As Ohio State went through its first full-contact scrimmage of the spring last Friday, Ryan Day had one overarching thought: “Man, we gotta play more football.”
That wasn’t necessarily an unexpected thought for Day to have, nor was it new. All spring, Day has acknowledged that many players aren’t quite where they should be in their development because they missed out on the opportunity to go through a full on-campus offseason last year. He and his fellow assistant coaches have said all spring that they don’t expect to have all the answers about their team coming out of next week’s spring game, instead viewing preseason camp in August as an extension of spring practice.
Seeing his team in a true simulated game setting, though, drove home what he already knew that his team still has a long way to go between now and Sept. 2 in order to get ready for its 2021 season opener against Minnesota.

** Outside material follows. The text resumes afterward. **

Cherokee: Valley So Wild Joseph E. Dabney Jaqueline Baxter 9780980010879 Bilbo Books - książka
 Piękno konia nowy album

“There was some good things out there,” Day said Monday while reviewing the scrimmage. “But it’s just, you don’t have Tuf Borland or Pete Werner or Baron Browning. You don’t have Justin Fields. Luke Farrell, you miss these guys that you just counted on, and now you have some of these younger guys that haven’t done it and didn’t have a chance to play much over the past year. So the rush is on to get them ready. Not that it was bad, it’s just they haven’t played very much. So they just need a lot of reps. And the more we can get them, the faster they’ll learn. Because the good news is, they’re all capable.”
Ohio State is now past the halfway point of spring ball, having completed its ninth practice of the year on Tuesday. That leaves the Buckeyes with just six more practices this spring, including the April 17 spring game, after which they’ll have to wait more than three months before their next real practice.
The Buckeyes will be scrimmaging again this Saturday, which Day believes is important for his players – especially those who haven’t played much in real games, which is most of the team – to get some game-like reps under their belt.
“There are some guys out there that have some game reps and a body of work underneath them; Zach Harrison’s played a lot of football here, Chris Olave’s played a lot of football, Ruckert … Thayer Munford’s played a lot of football here. Antwuan Jackson’s starting to build up a body of work. Even Proctor is building up a body of work,” Day said. “But there’s a lot of guys that haven’t. And they have to play and we have to play. And the only way to really do that is go play.”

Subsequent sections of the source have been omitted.